Based on @hkyi 's comment the answer is:
The 2 models are not fully independent as they share vggModel (which is trainable). Therefore you need to clone the vggModel before adding it to model_b. Otherwise the weights loaded to model_b will overwrite the vggModel weights used in model_a.
Use tf.keras.models.clone_model(vggModel) instead:
# VGG
vggModel = tf.keras.applications.VGG16(weights='imagenet', include_top=False, input_shape=(310, 765, 3))
vggModel.trainable = True
trainableFlag = False
for layer in vggModel.layers:
if layer.name == 'block5_conv1':
trainableFlag = True
layer.trainable = trainableFlag
# Model A
model_a = tf.keras.Sequential(name='model_a')
model_a.add(vggModel)
model_a.add(tf.keras.layers.Flatten())
model_a.add(tf.keras.layers.Dropout(0.1))
model_a.add(tf.keras.layers.Dense(128, activation='relu', kernel_regularizer=tf.keras.regularizers.l1(0.01)))
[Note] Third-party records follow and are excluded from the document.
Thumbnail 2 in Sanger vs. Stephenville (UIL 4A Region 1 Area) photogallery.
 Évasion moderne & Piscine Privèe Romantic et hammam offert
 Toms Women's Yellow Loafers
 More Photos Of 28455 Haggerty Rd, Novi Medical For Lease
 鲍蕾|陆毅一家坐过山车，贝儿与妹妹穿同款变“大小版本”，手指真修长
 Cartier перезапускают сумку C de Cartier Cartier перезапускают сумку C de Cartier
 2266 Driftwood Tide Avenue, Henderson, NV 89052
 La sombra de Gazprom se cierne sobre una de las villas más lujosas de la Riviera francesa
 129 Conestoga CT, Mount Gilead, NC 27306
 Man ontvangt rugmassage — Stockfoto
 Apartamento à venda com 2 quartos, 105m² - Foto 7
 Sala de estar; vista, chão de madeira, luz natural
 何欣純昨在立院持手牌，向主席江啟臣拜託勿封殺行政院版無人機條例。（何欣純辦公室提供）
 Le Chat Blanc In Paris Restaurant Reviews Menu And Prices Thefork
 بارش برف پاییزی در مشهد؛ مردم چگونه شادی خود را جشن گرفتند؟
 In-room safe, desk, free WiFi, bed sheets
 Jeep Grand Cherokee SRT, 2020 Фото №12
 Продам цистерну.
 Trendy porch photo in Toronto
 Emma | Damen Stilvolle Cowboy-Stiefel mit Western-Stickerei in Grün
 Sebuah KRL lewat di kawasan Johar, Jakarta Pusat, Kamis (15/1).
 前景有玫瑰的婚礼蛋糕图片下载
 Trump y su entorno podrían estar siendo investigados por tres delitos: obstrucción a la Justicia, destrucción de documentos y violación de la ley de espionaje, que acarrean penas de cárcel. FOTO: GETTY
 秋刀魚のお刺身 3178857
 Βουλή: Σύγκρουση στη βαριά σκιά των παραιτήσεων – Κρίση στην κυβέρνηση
model_a.add(tf.keras.layers.Dense(128, activation='relu', kernel_regularizer=tf.keras.regularizers.l1(0.01)))
model_a.add(tf.keras.layers.Dense(1, activation='linear'))
model_a.load_weights(model_a_wts)
# Model B
model_b = tf.keras.Sequential(name='model_b')
model_b.add(tf.keras.models.clone_model(vggModel)) <--- HERE IS THE CHANGE REQUIRED
model_b.add(tf.keras.layers.Flatten())
model_b.add(tf.keras.layers.Dropout(0.1))
model_b.add(tf.keras.layers.Dense(256, activation='relu', kernel_regularizer=tf.keras.regularizers.l1(0.01)))
model_b.add(tf.keras.layers.Dense(256, activation='relu', kernel_regularizer=tf.keras.regularizers.l1(0.01)))
model_b.add(tf.keras.layers.Dense(1, activation='linear'))
model_b.load_weights(model_b_wts)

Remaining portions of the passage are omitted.